A study published yesterday in the newspaper Scientific reports by Assistant Professor Mitch Pavao-Zuckerman and PhD student Sara Ponte, both from the Department of Environmental Science and Technology, discovered that individually planted trees capture, store, and release stormwater into the atmosphere – a process called “transpiration” – at a rate of three times that of trees in a forest. The study was conducted in partnership with the US Forest Service and the nonprofit Center for Watershed Protection, with funding from the Chesapeake Bay Trust.
The publication explores how trees work in different urban contexts, from streets to small patches of forest – knowledge that can help support the management of green infrastructure, including the growing practice of tracking the environmental service provided by trees to calculate the storm water or other charges assessed by municipalities.

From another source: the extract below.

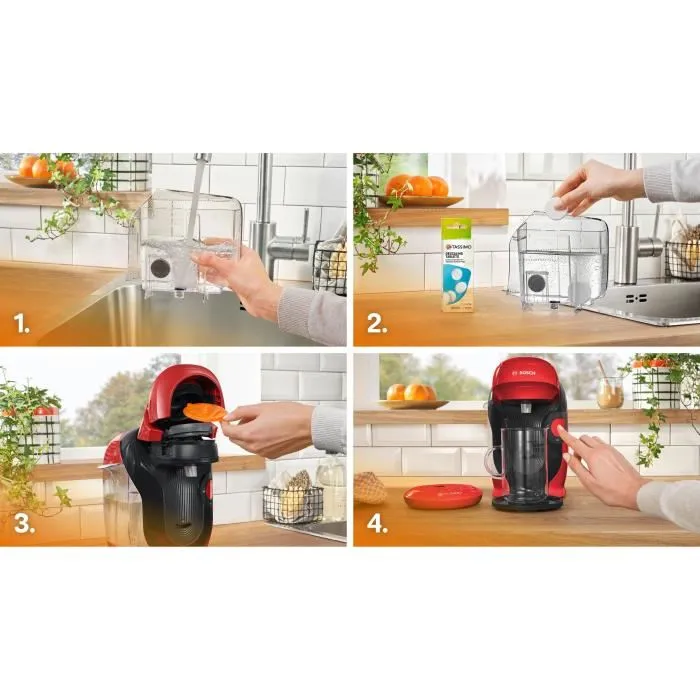 Bosch BOS4242005471997 Cafetera Multibebidas TASSIMO T11 Estilo Color Rojo 1400W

“Our data can help ensure that tree credit policies better reflect the real benefits of trees in cityscapes, as they interact with water and their environment differently in cities than outside cities.” , did he declare. “Our next step is to take this dataset of how each tree is functioning and scale it to see how an entire stand or patch of trees dampens stormwater flows.”
Pavao Zuckerman’s team measured transpiration in three separate urban settings: isolated trees on grass and a cluster of trees on grass in Montgomery County, and a closed canopy forest in Baltimore. They built and used sap flow sensors to get a clearer picture of how trees access groundwater, installing them in 18 mature red maples to continuously monitor transpiration rates during the growing season. They also measured soil water content, air temperature, relative humidity and precipitation at each site.

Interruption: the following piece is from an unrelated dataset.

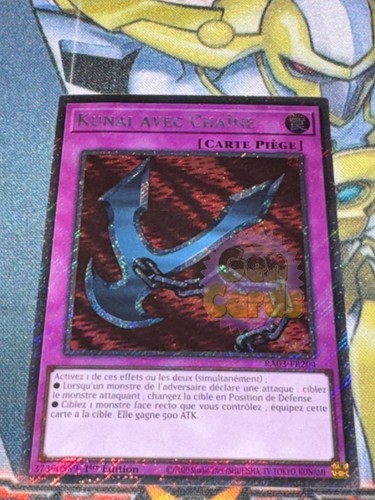 Carte kunai avec - yu, oh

“Quantifying the impacts of urban trees affects different parts of the water balance, such as the evapotranspiration component discussed in the article by Mitch and Sarah, allows us to better understand the benefits of urban trees and to know where and how to plant and plant them. preserve to get the greatest benefit. said Deb Caraco, senior watershed engineer at the Center for Watershed Protection.
Pavao-Zuckerman said the results can serve as guidelines for managers of urban stormwater runoff, and that the current method of relying on data collected from non-urban locations to determine the effect of urban trees should be abandoned.